When I attended an Opus Dei meeting at Murray Hill Place in February, the women I met there—all their meetings are gender-segregated—were all familiar with the Morningside Institute.


In 2020, the Morningside Institute received over $250,000 from the Foundation for Higher Excellence for Higher Education. Since then, they have moved out of their initial location in a Harlem WeWork office to their current room inside Riverside Church. Institutions like the Foundation have been quick to distance themselves from red money. But this money is undeniably what allows them to exist.



The Foundation for Excellence in Higher Education is only one organization within a sprawling consortium of funders who sustain a network of conservative institutions, organizations, and think tanks.


In 2016, political scientists Theda Skocpol and Alexander Hertel-Fernandez studied how “extra-party funders” like the Foundation for Excellence in Higher Education and Opus Dei shift resources away from the Republican Party itself; in the twelve-year period from 2002 to 2014, the GOP’s share of resource control fell from 53 to 30 percent, correlated with a six to 26 percent rise among extra-party funders.


Another player in this space is The Lynde and Harry Bradley Foundation. Hacked internal documents revealed their plan to “construct state-by-state networks of activist groups to win support for its conservative agenda from coast to coast” after successfully defending Wisconsin Republican Gov. Scott Walker’s recall election in 2012. They contribute $1,000,000 annually to the Foundation for Excellence in Higher Education.

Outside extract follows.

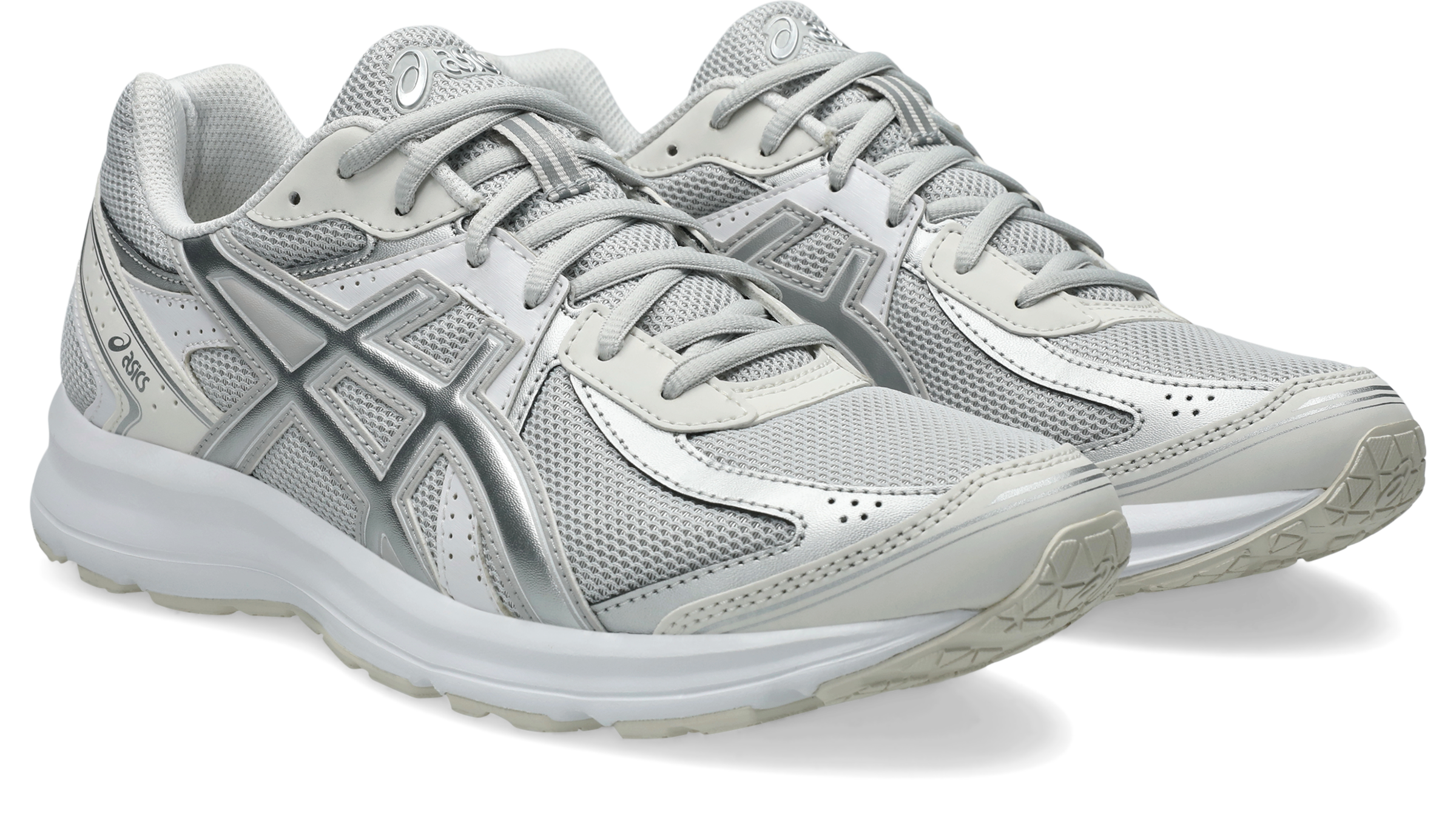 ASICS SportStyle Sneaker "JOG 100S" günstig online kaufen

Terry Considine, a board member of the Bradley Foundation who has been termed the “Bigger, Darker Rightwing” Koch counterpart, also operates his own Considine Family Foundation. They contributed $50,000 to the Foundation for Excellence in Higher Education in 2020.


The largest players in this “extra-party-funder-phenomenon” have historically been Charles and David Koch. As of 2016, the Koch brothers funded 76 percent of third-party conservative organizational budgets.

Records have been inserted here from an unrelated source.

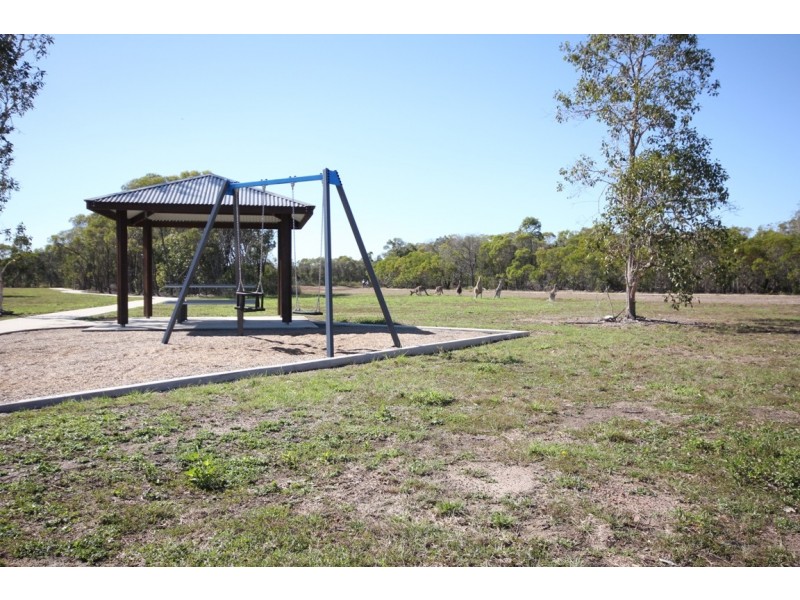 71 Polo Place, Branyan QLD 4670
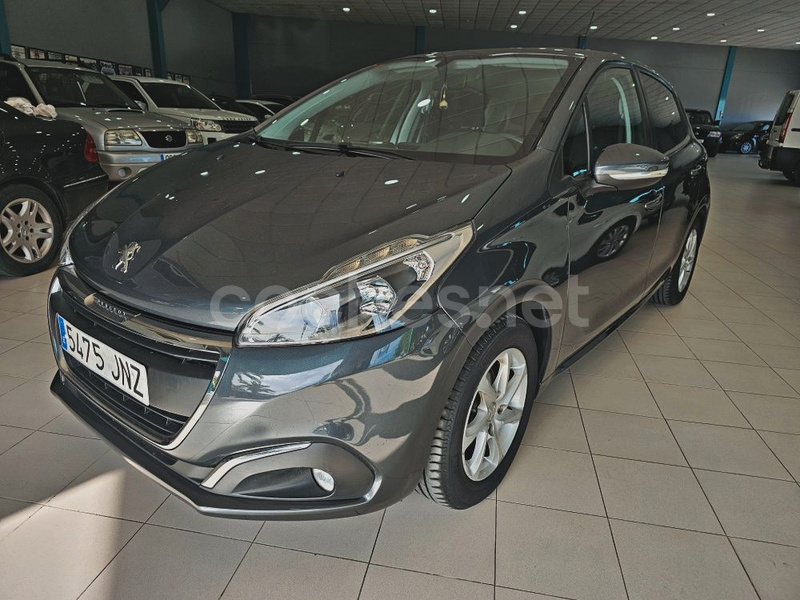 PEUGEOT 208 5P ACCESS 1.2L PureTech 60KW 82CV 5p.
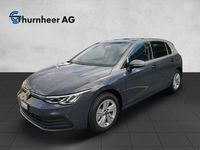 Gebraucht VW Golf VIII Life 130 PS (95 kW) 2024 Limousine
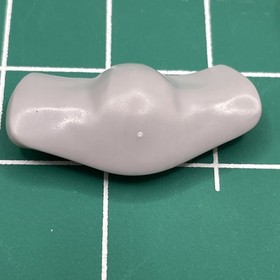 Lego Pirates of the Caribbean Maccus Minifigure poc032 The Black Pearl 4184 EUC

The Foundation for Excellence in Higher Education receives an annual million-dollar grant from the right-wing Diana Davis Spencer Foundation. This foundation, once called “the biggest pot of conservative money you’ve never heard of,” is associated with the Koch-funded American Legislative Exchange Council.


Unlike individual donors who sustain scattered causes, the Koch brothers’ inherited wealth has allowed them to exert wide influence across political spheres. Beyond a robust donation profile, they host conferences where conservative political donors get one-on-one time with elected politicians like Mitch McConnell and Tom Cotton.

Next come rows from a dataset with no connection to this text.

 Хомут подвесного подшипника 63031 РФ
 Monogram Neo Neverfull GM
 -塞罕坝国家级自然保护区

The Kochs also have deep roots in American academia. Their conservatism unfurls under discreet labels like “free-market theory” research, courses on “Law and Economics”, and the names of historical figures like James Madison.


This subtlety is key to their mission. Koch advisor George Pearson was caught on tape saying that “traditional gifts to universities … didn’t guarantee enough ideological control” to the right-wing cause. To achieve control, he said, “it would be necessary to use ambiguous and misleading names, [and] obscure the true agenda.”



One might ask, “So what? Shouldn’t people be allowed to fund the causes they support?”


Perhaps. But not all funders are made equal—some are made wealthier, better connected, and more ideologically stringent. Students and professors alike should also know just what it is they are about to experience.


When Nathaniel Peters was just starting out as the director of the Morningside Institute, he approached Roosevelt Montas, the former director of Columbia’s Core Curriculum. Montas recalled Peters expressing a “broad interest in working with the Core.”


In situations like these, Montas tries to keep third-party organizations “at arm’s length.”


“You’re careful about them using your name,” he tells me, given that it is difficult to know “how the groups are being funded and whether they have some kind of agenda.”


But eventually, when Montas attended a Morningside talk as a panelist, he came away impressed.


“What they’re doing is interesting,” he said. Setting aside questions regarding their funding, he argues that, “as long as the programming remains intellectually integral, and are not pushing either policies or ideas that I find morally problematic,” students should feel comfortable going.


Cautiously, one might agree with Montas’ invocation of open-mindedness. The Institute’s guest-led discussions such as “Intellectual Survival: Columbia After Leaving” and “The Dangers of Creativity” are often intriguing. Rare one-on-one, student-professor connections mushroom inside the Institute’s small, carpeted room in Riverside church.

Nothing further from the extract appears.